- **Material for the task**:

>>>

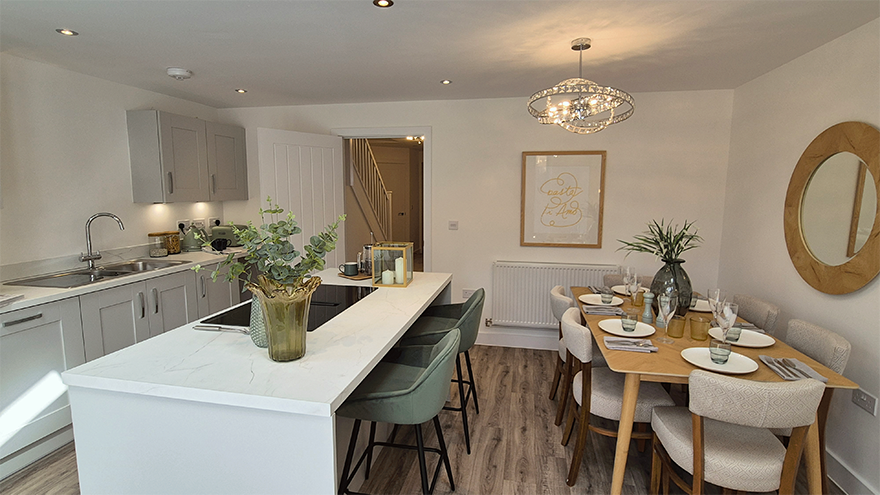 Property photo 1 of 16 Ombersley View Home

<<<
>>>

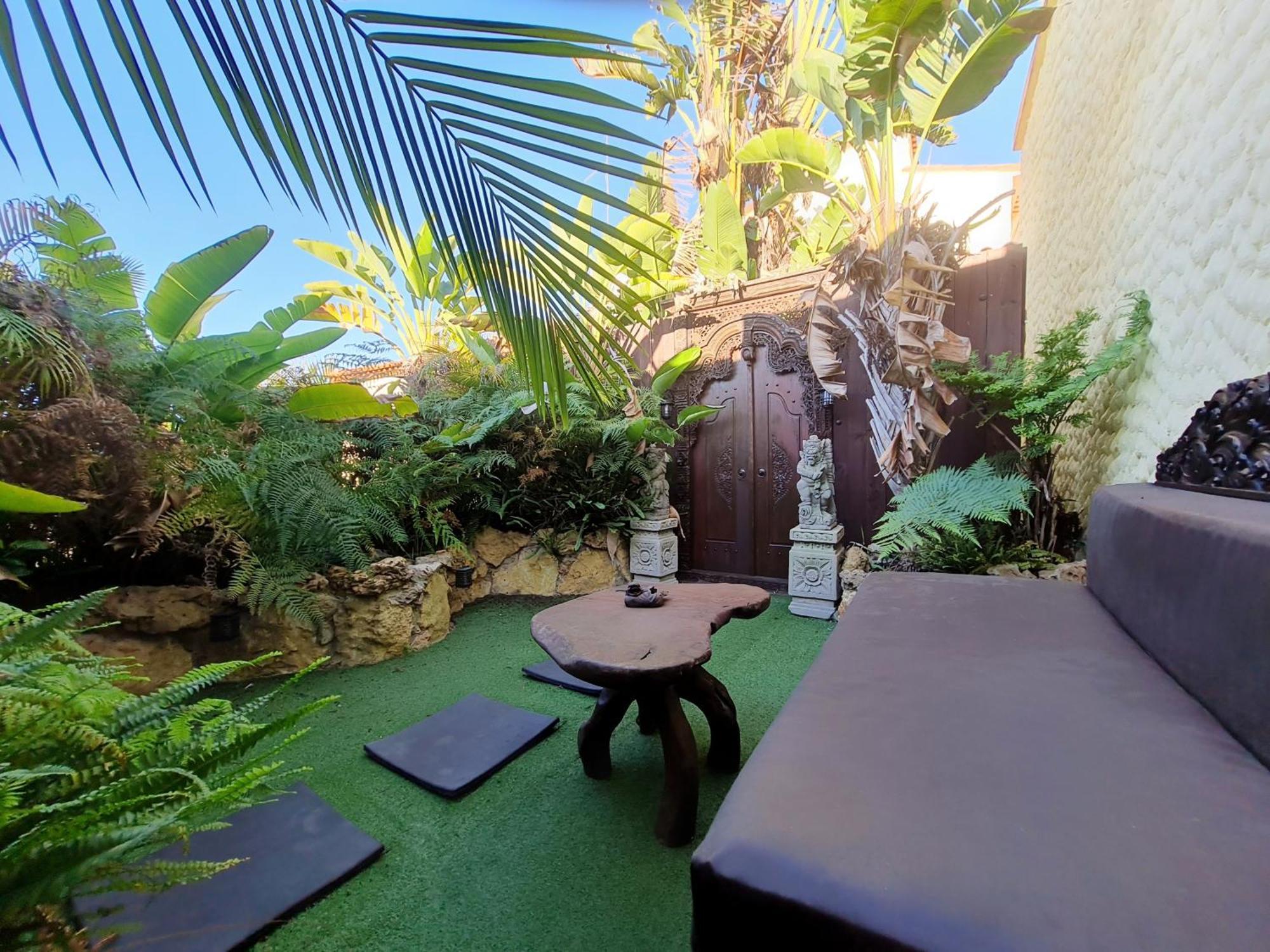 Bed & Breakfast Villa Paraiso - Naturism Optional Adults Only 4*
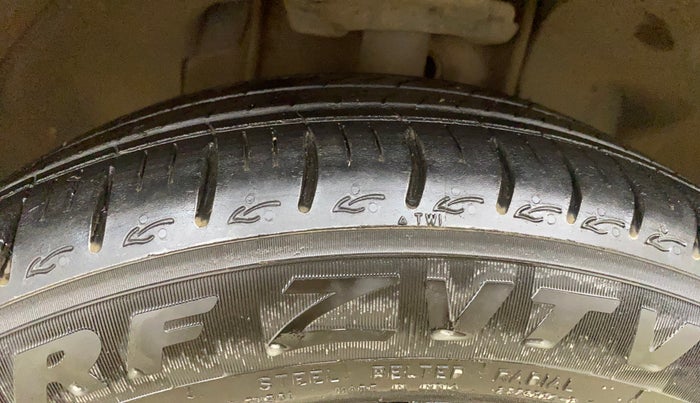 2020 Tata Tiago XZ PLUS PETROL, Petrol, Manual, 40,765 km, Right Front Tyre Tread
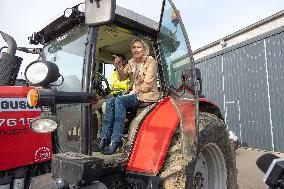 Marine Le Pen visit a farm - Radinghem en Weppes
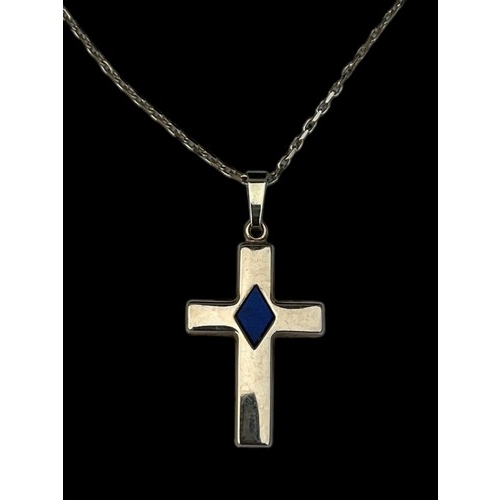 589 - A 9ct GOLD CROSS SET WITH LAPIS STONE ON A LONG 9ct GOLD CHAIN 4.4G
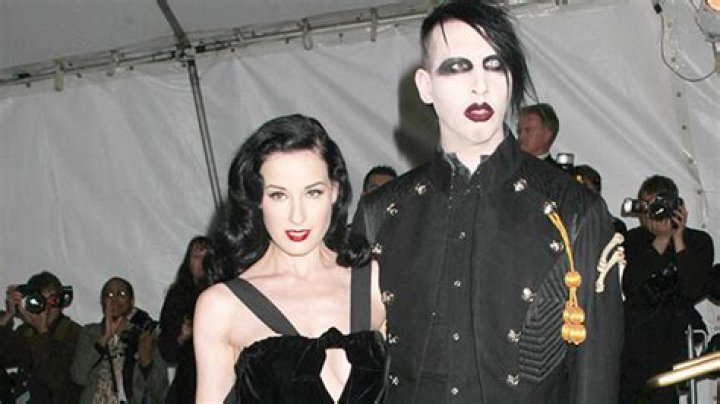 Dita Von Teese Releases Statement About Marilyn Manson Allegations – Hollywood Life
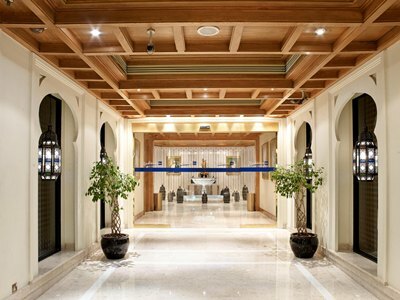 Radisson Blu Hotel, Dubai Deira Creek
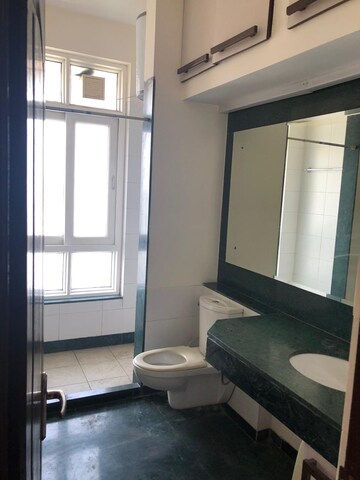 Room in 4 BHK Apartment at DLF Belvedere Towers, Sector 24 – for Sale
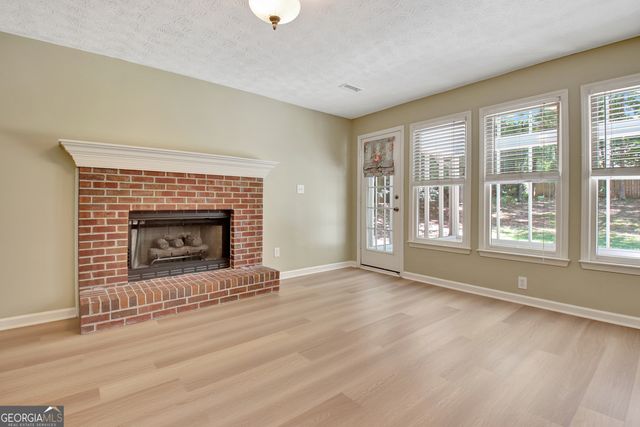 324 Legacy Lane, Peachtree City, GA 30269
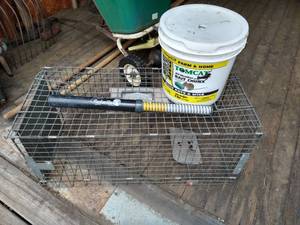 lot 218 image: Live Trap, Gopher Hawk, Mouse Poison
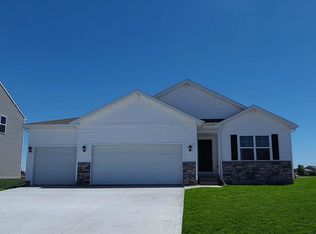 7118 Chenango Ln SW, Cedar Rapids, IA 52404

<<<
>>>

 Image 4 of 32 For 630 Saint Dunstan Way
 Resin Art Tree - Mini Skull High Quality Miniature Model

<<<

- **Exercise details**: Reproduce exactly the lines above that run from the one with "589 - A 9ct" to the one with "7118 Chenango Ln SW, Cedar Rapids, IA 52404", both included, leaving pictures out.

- **Answer**:
 589 - A 9ct GOLD CROSS SET WITH LAPIS STONE ON A LONG 9ct GOLD CHAIN 4.4G
 Dita Von Teese Releases Statement About Marilyn Manson Allegations – Hollywood Life
 Radisson Blu Hotel, Dubai Deira Creek
 Room in 4 BHK Apartment at DLF Belvedere Towers, Sector 24 – for Sale
 324 Legacy Lane, Peachtree City, GA 30269
 lot 218 image: Live Trap, Gopher Hawk, Mouse Poison
 7118 Chenango Ln SW, Cedar Rapids, IA 52404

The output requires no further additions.